Abstract
THE new volume of this journal opens with a report of the May lecture delivered by Prof. Soddy dealing with the subject of radio-activity. The remainder consists of the papers read at the Sheffield meeting of the institute. Of these the most discussed was one by Dr. Hatfield and Capt. Thirkell on season-cracking, in which a different view is taken from that recently put forward by Rosenhain and Archbutt, and experiments are made to determine the intensity of the internal stress in the case of cold-worked brass. The conclusion is drawn that such stresses approach very closely to the maximum stress which the material is capable of resisting. The mercury salt method has been found very useful for revealing the presence of internal stress. Some very remarkable alloys are described by Dr. Stead. Alloys of tin, antimony, and arsenic, within certain limits of composition, have the habit of forming spherical segments of striking regularity. Dr.
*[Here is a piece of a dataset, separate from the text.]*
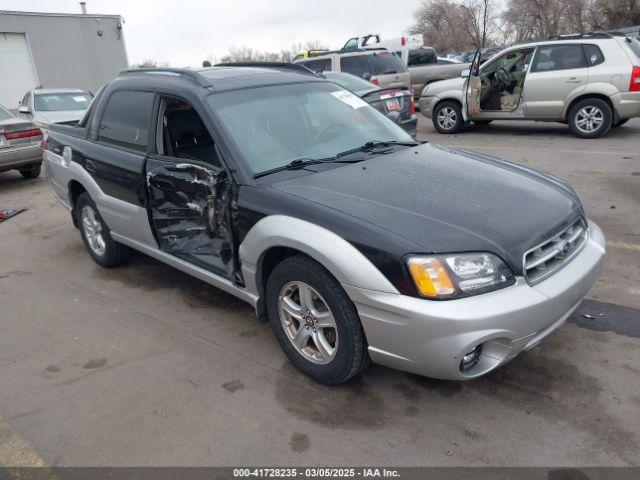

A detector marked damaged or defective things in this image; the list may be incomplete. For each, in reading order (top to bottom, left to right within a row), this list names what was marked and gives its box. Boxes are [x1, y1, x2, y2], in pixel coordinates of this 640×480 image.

damaged driver door [145, 158, 235, 278]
L. J. Spencer gives a summary of the information as to the occurrence of strongly curved crystals in minerals, but no satisfactory explanation has yet been given of the conditions underwhich such curved growth takes place.
The Journal of the Institute of Metals.
Vol. xxii. No. 2. 1919. Edited By G. Shaw Scott. Pp. xii + 428 + 31 plates. (London: The Institute of Metals, 1919.) Price 31s. 6d. net.